## Task brief:
Would you transcribe each entry that follows word for word, minus the images?

Scraped caption text data

▬▬▬▬▬▬▬▬▬▬

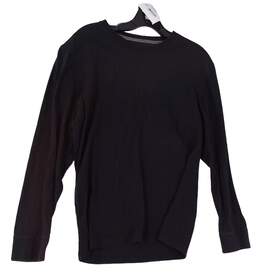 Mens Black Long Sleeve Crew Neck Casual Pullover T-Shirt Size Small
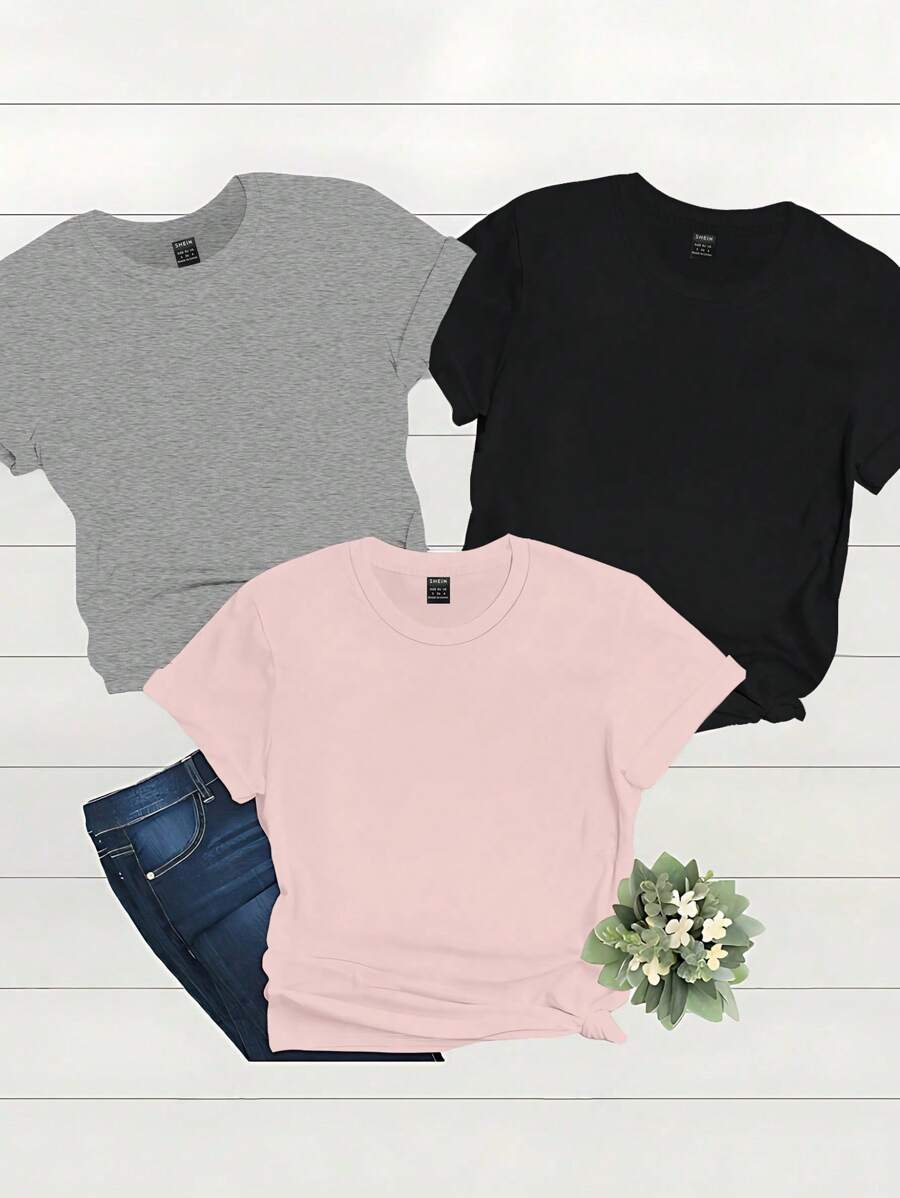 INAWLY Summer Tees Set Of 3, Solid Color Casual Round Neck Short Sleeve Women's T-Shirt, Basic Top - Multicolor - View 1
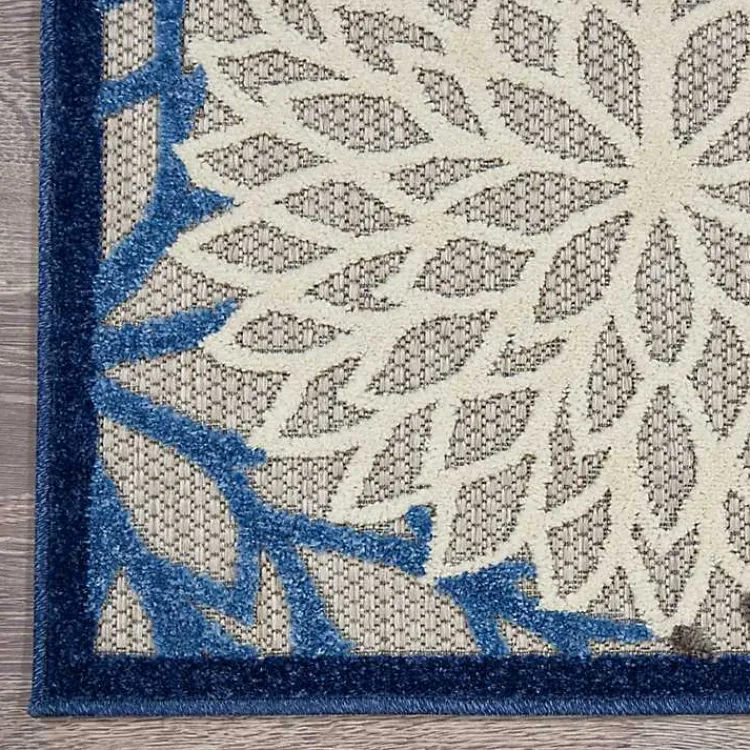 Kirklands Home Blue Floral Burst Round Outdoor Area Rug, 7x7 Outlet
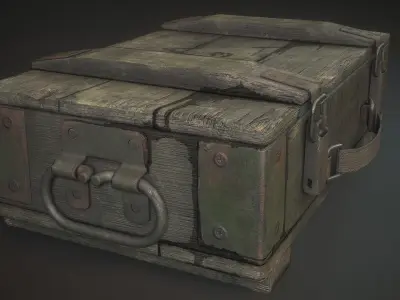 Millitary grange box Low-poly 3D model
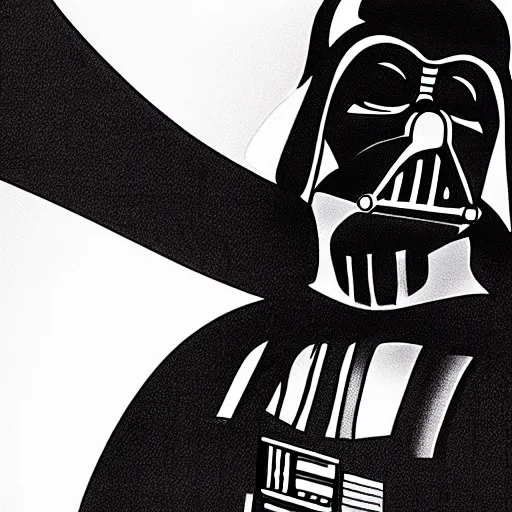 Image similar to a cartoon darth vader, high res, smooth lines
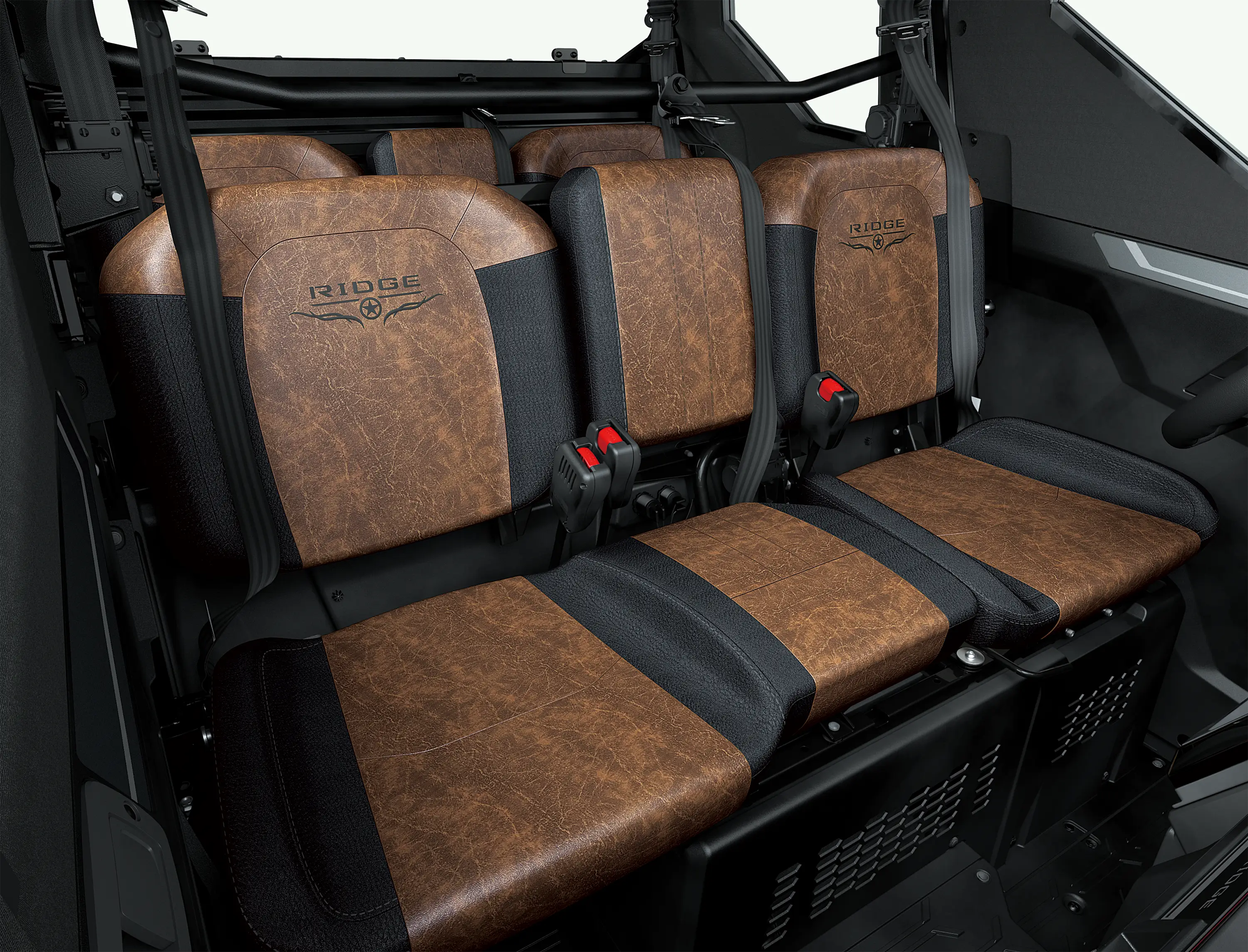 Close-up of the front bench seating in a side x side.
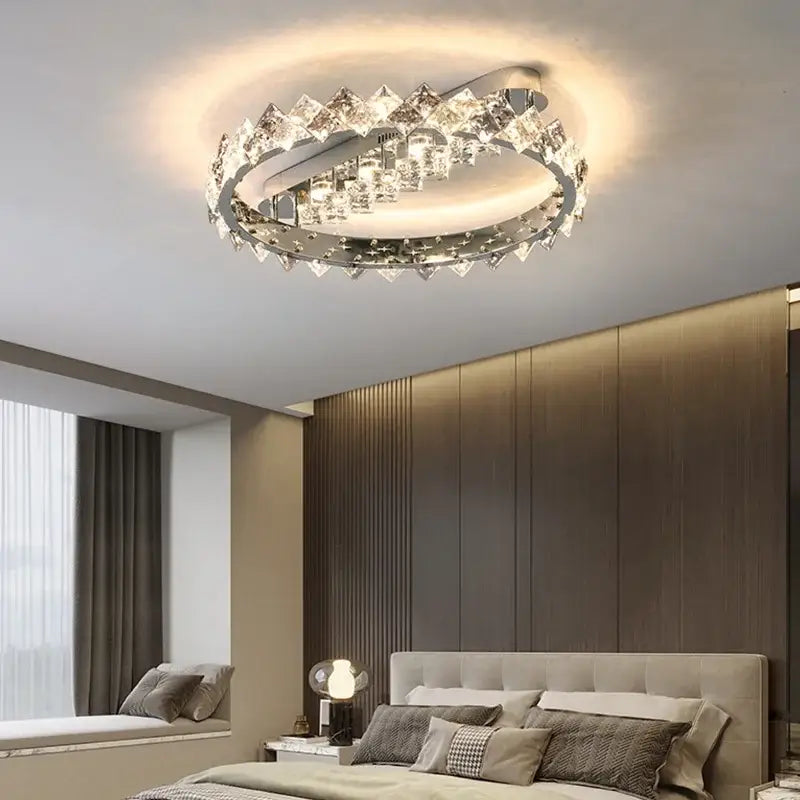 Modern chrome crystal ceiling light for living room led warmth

▬▬▬▬▬▬▬▬▬▬

## Solution to this task:
 Mens Black Long Sleeve Crew Neck Casual Pullover T-Shirt Size Small
 INAWLY Summer Tees Set Of 3, Solid Color Casual Round Neck Short Sleeve Women's T-Shirt, Basic Top - Multicolor - View 1
 Kirklands Home Blue Floral Burst Round Outdoor Area Rug, 7x7 Outlet
 Millitary grange box Low-poly 3D model
 Image similar to a cartoon darth vader, high res, smooth lines
 Close-up of the front bench seating in a side x side.
 Modern chrome crystal ceiling light for living room led warmth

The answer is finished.